Main Results and Discussion

The evolved gas analysis revealed hundreds of molecular features for diesel and thousands for heavy fuel oil and crude oil, spanning m/z 100–750. Class distribution indicated CHxO–rich species in diesel and CHxS classes in heavy fuel oil. Temperature-resolved double bond equivalent plots highlighted aromatic and polyaromatic distributions. Thermal profiles distinguished a low-temperature desorption phase (<300 °C) of volatile constituents and a higher-temperature pyrolysis phase (>300 °C) yielding fragment ions from larger structures. Overlapping desorption and pyrolysis signals underscored the method’s ability to deconvolute complex thermal behavior.

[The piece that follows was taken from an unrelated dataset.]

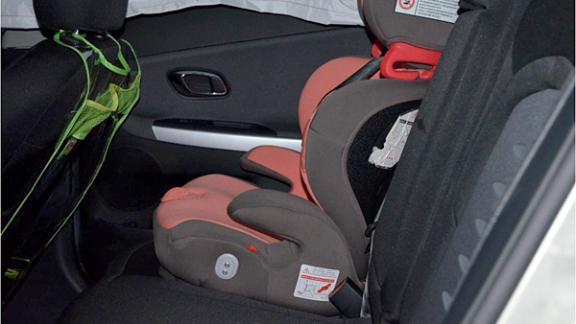 Детские кресла спасли здоровье маленьких пассажиров в двух ДТП в Ставрополе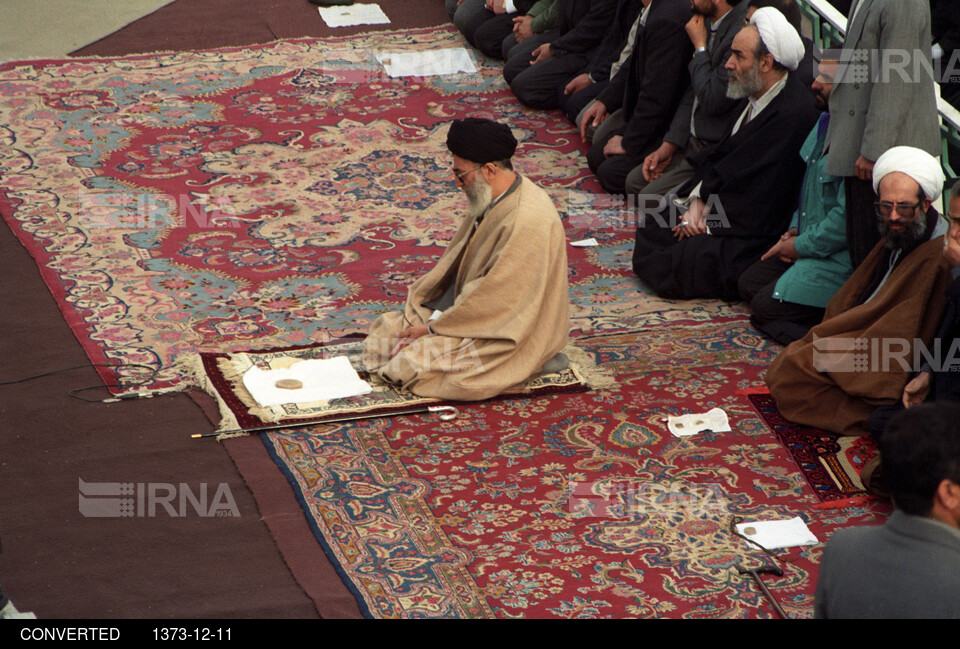 نماز عید فطر به امامت حضرت آیت الله سید علی خامنه ای رهبر معظم انقلاب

Benefits and Practical Applications

• Minimal sample requirements (<2 mg) and no elaborate preparation.
• Capability to analyze viscous and solid fractions directly.
• Temperature-resolved molecular insight, including pyrolysis fragments for structural elucidation.
• Complementary to direct infusion and GC-based approaches, with enhanced detection of polar and medium-polar species via APCI.

Future Trends and Potential Applications

The integration of thermal analysis high-resolution MS is poised to advance petroleomics, environmental monitoring, and quality control of fuels. Future work may involve coupling with alternative ionization methods, real-time reaction monitoring, and leveraging machine learning for automated pattern recognition and class assignments in complex mixtures.

Conclusion

Thermogravimetric analysis paired with GC-APCI MRMS offers a powerful platform for temperature-resolved, molecular-level characterization of petroleum samples. The method’s high resolution, broad mass range, and ability to probe pyrolysis products make it a valuable complement to existing analytical techniques for complex hydrocarbon mixtures.

Reference

1. Rüger CP, Miersch T, Schwemer T, Sklorz M, Zimmermann R. Hyphenation of Thermal Analysis to Ultrahigh-Resolution Mass Spectrometry Using Atmospheric Pressure Chemical Ionization for Studying Composition and Thermal Degradation of Complex Materials. Anal Chem. 2015;87(13):6493–6499.
2. Schwemer T, Rüger CP, Sklorz M, Zimmermann R. Gas Chromatography Coupled to Atmospheric Pressure Chemical Ionization FT-ICR Mass Spectrometry for Improvement of Data Reliability. Anal Chem. 2015. DOI:10.1021/acs.analchem.5b02114.
3. Smit E, Rüger CP, Sklorz M, de Goede S, Zimmermann R, Rohwer ER. Investigating trace polar species in diesel using high-resolution mass spectrometry and selective ionization techniques. Energy Fuels. 2015; DOI:10.1021/acs.energyfuels.5b00831.